Piyanosu olmayan piyano ustası
Müziğe ilk önce saksofonla başlayan Horace Silver, Bud Powell’ı dinleyince piyanoya geçecekti. Horace Silver’ın piyanoyla gelişen müzikal tutkusu ilk enstrumanı saksofonunun ustası  Stan Getz’in 1950’de yaşadığı kasabaya konsere gelmesiyle de ciddiye dönecekti. Böylece ilk triosunu kuran Silver, bir yıl sonrada aklını çelen Getz ile aynı sahneyi paylaşacaktı. Bu tutku onu New York’a taşıyacaktı. Burada kiralanan ucuz bir odada ikamet ederken, geceleri de çeşitli kulüplerde çalmaya başladı. Zaman içinde bu çaldığı mekanlar arasına görkemli bir kulüp olan Birdland da katılacaktı. Buranın yöneticisi olan Oscar  Goodstein, Horace Silver’ın kendi piyanosunun olmadığını farkedecekti. Bunun üzerine Goodstein gündüzleri çalışması için mekanı ona tahsis edecekti.


Jazz Messengers
New York’a gelişinden bir yıl sonra ilk plak kaydına trompetçi Lou Donaldson’un albümünde çalarak başlayan Silver, bu ekipte çalan davulcu Art Blakey ile yakın bir dostluk kuracaktı. Özellikle bestelerinde caz, R&B, gospel ve latin müziklerini içiçe geçirerek müzikler yazan ilk isimlerden biri kabul edilen Silver aynı zamanda caz tarihinin en önemli gruplarından Jazz Messengers’ın da Art Blakey ile birlikte kurucu isimlerindendi ve bu grup bir kaç nesil iyi caz müzisyeninin yetişmesinde bir okuldan fazla işlev görecekti.

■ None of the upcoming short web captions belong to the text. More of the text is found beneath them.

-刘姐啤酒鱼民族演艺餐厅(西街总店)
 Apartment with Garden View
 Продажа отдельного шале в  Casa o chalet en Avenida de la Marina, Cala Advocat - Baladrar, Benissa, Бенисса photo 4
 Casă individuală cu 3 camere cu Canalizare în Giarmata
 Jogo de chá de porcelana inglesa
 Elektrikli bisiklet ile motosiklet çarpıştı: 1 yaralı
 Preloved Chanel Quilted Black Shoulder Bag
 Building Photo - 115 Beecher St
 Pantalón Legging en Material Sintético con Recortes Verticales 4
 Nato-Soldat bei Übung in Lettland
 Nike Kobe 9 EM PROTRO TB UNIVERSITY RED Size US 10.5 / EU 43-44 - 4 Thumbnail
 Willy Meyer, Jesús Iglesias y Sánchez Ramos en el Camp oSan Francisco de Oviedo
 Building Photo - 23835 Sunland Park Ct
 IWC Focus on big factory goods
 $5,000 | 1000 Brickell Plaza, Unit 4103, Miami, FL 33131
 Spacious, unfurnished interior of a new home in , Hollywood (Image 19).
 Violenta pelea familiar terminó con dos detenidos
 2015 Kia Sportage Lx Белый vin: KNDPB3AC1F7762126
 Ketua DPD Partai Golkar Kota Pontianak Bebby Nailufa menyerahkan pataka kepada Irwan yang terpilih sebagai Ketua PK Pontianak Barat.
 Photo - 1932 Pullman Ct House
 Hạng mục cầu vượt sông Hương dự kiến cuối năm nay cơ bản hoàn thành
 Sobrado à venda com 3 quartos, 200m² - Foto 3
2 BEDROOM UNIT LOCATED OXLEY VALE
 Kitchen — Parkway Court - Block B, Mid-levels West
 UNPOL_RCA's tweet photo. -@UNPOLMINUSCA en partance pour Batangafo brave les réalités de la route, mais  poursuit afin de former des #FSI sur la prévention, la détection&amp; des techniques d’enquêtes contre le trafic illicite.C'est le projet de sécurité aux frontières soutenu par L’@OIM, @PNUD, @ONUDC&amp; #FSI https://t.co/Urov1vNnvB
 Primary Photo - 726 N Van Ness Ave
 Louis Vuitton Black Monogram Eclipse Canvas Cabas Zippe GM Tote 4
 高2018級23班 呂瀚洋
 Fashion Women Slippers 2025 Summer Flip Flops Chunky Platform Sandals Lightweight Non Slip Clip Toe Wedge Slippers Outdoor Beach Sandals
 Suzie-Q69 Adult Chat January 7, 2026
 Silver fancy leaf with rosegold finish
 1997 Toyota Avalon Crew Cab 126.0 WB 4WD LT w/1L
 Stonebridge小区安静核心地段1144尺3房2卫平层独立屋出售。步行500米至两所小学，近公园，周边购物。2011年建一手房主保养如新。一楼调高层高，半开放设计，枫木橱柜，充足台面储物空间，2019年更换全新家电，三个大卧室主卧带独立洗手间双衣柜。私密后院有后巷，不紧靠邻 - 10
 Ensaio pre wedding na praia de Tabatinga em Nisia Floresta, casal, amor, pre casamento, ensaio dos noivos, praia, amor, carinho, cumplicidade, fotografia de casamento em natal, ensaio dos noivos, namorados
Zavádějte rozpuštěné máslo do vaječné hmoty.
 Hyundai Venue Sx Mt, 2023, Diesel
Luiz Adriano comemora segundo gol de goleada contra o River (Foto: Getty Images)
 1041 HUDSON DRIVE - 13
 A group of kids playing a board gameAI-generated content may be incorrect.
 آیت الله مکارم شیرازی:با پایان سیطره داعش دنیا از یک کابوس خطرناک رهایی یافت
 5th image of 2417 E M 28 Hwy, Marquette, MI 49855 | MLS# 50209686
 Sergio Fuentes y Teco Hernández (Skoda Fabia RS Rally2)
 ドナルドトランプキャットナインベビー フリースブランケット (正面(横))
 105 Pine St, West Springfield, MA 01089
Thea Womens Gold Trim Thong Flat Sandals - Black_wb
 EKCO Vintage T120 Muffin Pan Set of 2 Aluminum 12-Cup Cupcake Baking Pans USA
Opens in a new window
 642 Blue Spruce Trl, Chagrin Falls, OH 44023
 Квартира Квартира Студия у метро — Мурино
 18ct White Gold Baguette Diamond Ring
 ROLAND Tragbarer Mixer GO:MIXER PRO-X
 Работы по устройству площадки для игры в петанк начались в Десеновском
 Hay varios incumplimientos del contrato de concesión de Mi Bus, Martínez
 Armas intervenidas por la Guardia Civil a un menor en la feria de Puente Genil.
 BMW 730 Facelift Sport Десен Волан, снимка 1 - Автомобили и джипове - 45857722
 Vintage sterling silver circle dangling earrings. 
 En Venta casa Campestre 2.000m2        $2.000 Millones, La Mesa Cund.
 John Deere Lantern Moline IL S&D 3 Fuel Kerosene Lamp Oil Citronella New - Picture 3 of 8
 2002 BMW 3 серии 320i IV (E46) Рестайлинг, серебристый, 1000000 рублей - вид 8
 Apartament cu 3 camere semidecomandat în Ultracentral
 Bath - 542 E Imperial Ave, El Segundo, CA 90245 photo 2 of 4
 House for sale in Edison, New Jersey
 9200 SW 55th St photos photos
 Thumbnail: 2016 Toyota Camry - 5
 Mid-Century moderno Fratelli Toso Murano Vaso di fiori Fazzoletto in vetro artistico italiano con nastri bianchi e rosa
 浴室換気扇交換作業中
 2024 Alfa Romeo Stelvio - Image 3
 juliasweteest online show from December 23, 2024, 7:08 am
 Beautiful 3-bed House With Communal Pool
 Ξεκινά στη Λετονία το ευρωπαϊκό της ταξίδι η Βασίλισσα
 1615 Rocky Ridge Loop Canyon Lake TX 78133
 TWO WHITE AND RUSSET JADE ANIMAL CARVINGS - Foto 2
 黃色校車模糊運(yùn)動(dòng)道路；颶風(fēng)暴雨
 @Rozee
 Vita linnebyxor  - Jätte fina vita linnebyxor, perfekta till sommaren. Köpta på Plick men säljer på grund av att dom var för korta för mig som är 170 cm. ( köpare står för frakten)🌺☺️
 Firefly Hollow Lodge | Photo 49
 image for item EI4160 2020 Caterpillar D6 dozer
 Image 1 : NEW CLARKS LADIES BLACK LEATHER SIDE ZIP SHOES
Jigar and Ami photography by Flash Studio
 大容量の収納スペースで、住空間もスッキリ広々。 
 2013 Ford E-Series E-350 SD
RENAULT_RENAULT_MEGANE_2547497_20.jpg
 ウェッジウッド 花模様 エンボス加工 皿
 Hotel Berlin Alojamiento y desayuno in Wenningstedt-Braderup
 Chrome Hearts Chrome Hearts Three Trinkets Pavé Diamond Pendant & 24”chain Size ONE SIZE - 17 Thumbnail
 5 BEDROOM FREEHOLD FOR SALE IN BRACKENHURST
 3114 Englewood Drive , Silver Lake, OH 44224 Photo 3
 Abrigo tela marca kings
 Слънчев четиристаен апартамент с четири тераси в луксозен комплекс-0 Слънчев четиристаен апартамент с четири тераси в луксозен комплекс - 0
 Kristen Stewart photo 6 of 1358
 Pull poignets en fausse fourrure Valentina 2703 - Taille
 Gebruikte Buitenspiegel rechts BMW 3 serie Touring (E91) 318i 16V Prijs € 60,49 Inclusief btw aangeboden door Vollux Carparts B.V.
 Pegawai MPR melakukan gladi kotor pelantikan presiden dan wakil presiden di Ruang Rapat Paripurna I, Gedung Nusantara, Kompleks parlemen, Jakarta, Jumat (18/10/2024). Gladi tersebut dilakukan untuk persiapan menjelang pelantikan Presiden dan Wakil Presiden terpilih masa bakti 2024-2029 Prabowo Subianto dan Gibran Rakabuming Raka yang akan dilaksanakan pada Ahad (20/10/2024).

Jazz Messengers’ın iki mimarı  Silver ve Blakey 1953 ile  1955 arası  albümler kaydedeceklerdi.  1955’te yayınlanan  "Horace Silver and the Jazz Messengers" albümü ile caz alanında büyük bir çıkış yapacaklardı.  
Jazz Messengers dönemini 1956’da noktalayan Horace Silver, "Six Pieces of Silver" albümünü yapacaktı. . Birbirinin ardından gelen başarılı albümlerle 50’li yılları tamamlayan sanatçı, 1960’lara “Song For My Father” albümüyle adım atar. Caz tarihinin en önemli plaklarından olan bu yapıt içinde albümle aynı adı taşıyan beste ile de 50 yıl boyunca unutulmazlar arasındaki yerini koruyacaktı. 

 Bu dönemde tanınmamış müzisyenlerle çalışıp onlara imkan sunan Horace Silver, günümüzün önemli trompetcilerinden Randy Brecker’ın çıkışını sağlar.
 Albüm çalışmalarını 90’lı yıllara kadar sürdüren Horace Silver, 1993’te "It`s Got o be Funky", 1994 ‘te de  "Pencil Packin` Papa" albümlerini çıkartır. 4 yıl aradan sonra çıkan "Jazz Has A Sense of Humor" ile 90’ları tamamlayan piyanist, 2000’lerde çalışmalarını azaltacaktı. 
 Caz piyanosunda yeri dolmayacak bir isim olan Horace Silver’ın ekibinde soloya başlayan elemanına alttan piyanosunun tuşlarında verdiği akışkan ritme hayran kalmamak imkansızdır. Onun bu tavrı solo atacak genç müzisyeni kucaklayıp, öne çıkarması gibidir. Bu sayede bizde iki nefis soloyu birbirinin içindeki uyumla birlikte dinlememinin keyfine varacaktık.